Wendel cried on in his cradle, unheeded. Aia bit Llen’s shirt taut over his shoulder, and still she could not stop her sobs – the shivering, gulping, blubbering sobs of an unhappy child, such as he had never seen her cry. She shuddered in his arms. Her nose ran onto his shirt.
She tried reminding herself that this was how babies were made, but she had not wanted her baby to be made like this. She had wanted her baby to be made last night. Of course she knew that last night was all due to the ale and cider and wine, but she had wanted to pretend – as she liked to pretend that Wendel was her own child, that she was whole, that she was beautiful – that her baby was conceived in love, as she had been.
Llen gasped and shuddered and stilled. He tipped himself back until he bore most of her weight on his chest, and inside of her he pressed against a sensitive place he had not yet reached. Aia reminded herself that this was the moment when babies were made. The thought made her cry out in despair.
Llen released of one of her legs and wrapped a crushing arm around her back. Aia was obliged to squeeze his hips between her thighs, for fear that she would slide down and drive him still deeper inside.

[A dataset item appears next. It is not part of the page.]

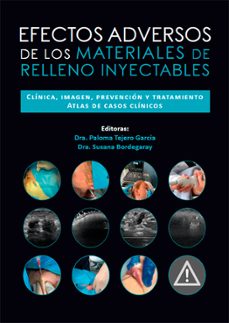 efectos adversos de los materiales de relleno inyectables (ebook)-9788410196179
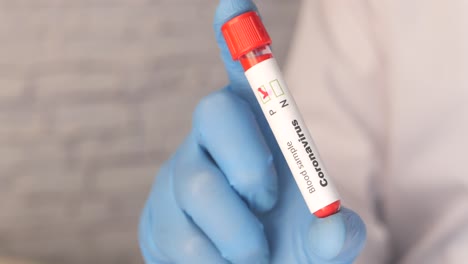 análisis de sangre para el coronavirus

For long minutes they clung together. Aia still gulped and whimpered with slight sobs, and shivered from cold and the aftereffects of her fright. The rise and fall of his unsteady breath rocked her like a baby upon his chest.
She felt ever more helpless and naked as time passed. The act seemed over, and Llen still did not let her go. Wendel had given up crying for her, and he sucked his thumb and whimpered to himself over his abandonment. Aia began to wonder how long it took to make a baby. She wondered whether Llen meant to catch his breath and begin again.
Then she felt a sickening slip, and he fell out of her. His breath hissed in over his teeth, and he let her drop. Her skinned back slumped against the wall.
Llen spun about and strode away from her, awkwardly at first, due to some fumbling with his hands at the level of his waist. But he was lordly when he lifted his cloak from the barrels and whirled the heavy folds of leather around his body like the swoop of a mighty wing. It creaked as it settled over his shoulders, and smacked his hips with a clatter of buckles and hatchets and knives.
Three beautiful strides and he was outside. She heard his cloak flapping wildly around his beating legs, like the crippled wings of a bird who would never again fly. She heard his ragged breath as he hissed and spat it through his teeth, and his feet punching crisp holes in the snow as he ran.